SpeakLocal
A TTS [text-to-speech] extension for oobabooga text WebUI
- 100% offline
- No AI
- Low CPU
- Low network bandwidth usage
- No word limit
silero_tts
is great, but it seems to have a word limit, so I made SpeakLocal.
- This extension uses pyttsx4 for speech generation and ffmpeg for audio conversio.
- Pyttsx4 uses the native TTS abilities of the host machine (Linux, MacOS, Windows) so you shouldn't need to install anything else for this to work.
- This extension re-encodes the locally generated .WAV file to an .MP3 and pre-pends a media player to the text output field.
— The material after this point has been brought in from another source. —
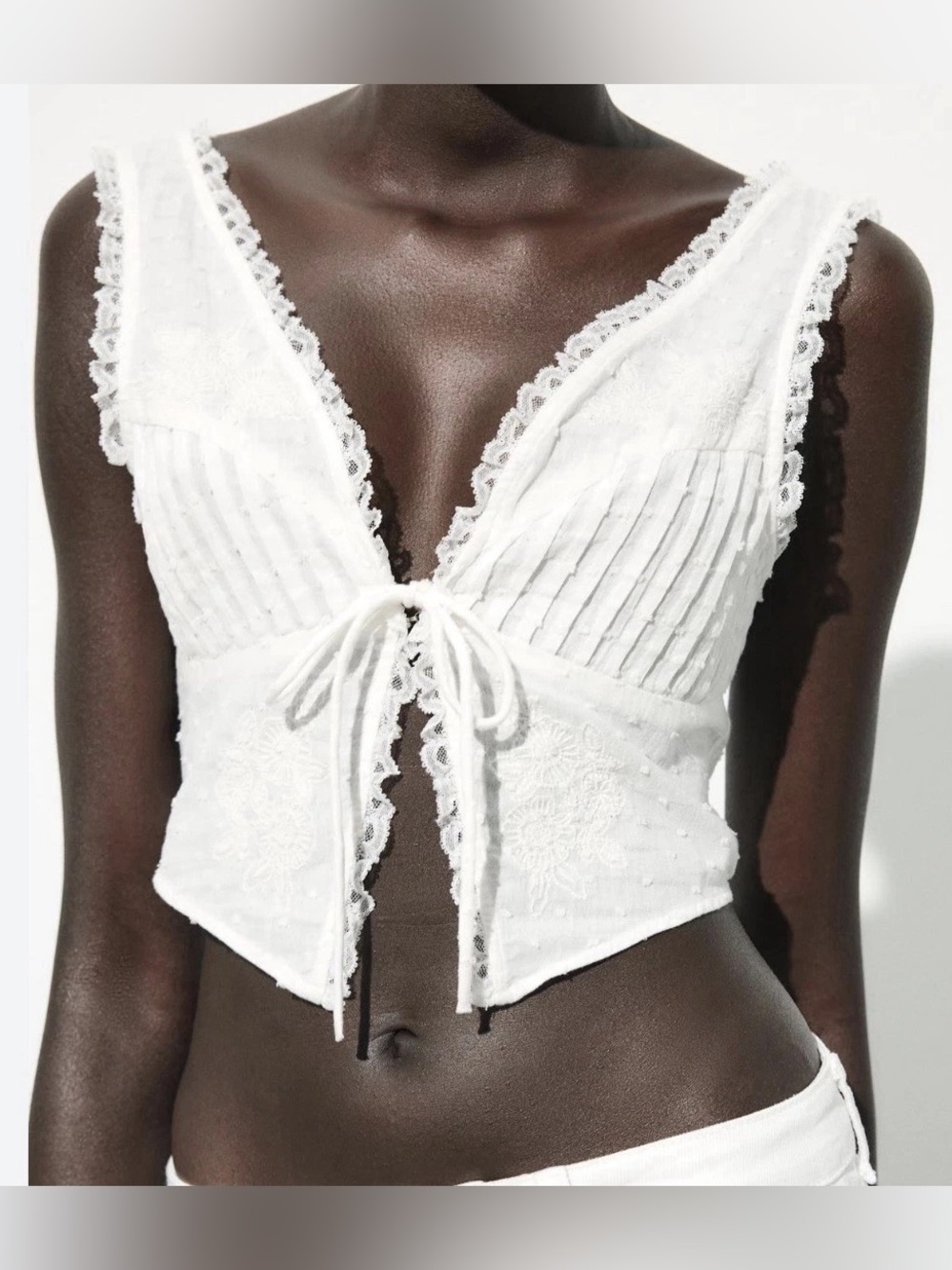 Zara White Lace Tie-Front Cropped Tank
- The .MP3 encoding is set to ~18kbps compression so the output file is roughly 1 kilobyte for each second of audio. It's set low to conserve bandwidth when using mobile data.
How to use:
Fire up a command prompt | shell:
cd PATH_TO_text-generation-webui/extensions
Now clone this repo:
git clone https://github.com/ill13/SpeakLocal
You may have to do:
pip install -r requirements.txt
...If pytssx4 and ffmpeg-python are not installed.
Finally enable the extension in the session tab
2023-09-15
More audio options added.
- Voice selection: An enumerated list of TTS voices that are installed on the host.
- Speech rate: Speed up or slow down how fast the words are spoken
- Bitrate: Ability to adjust sound quality. Beware, higher bitrate means more data used!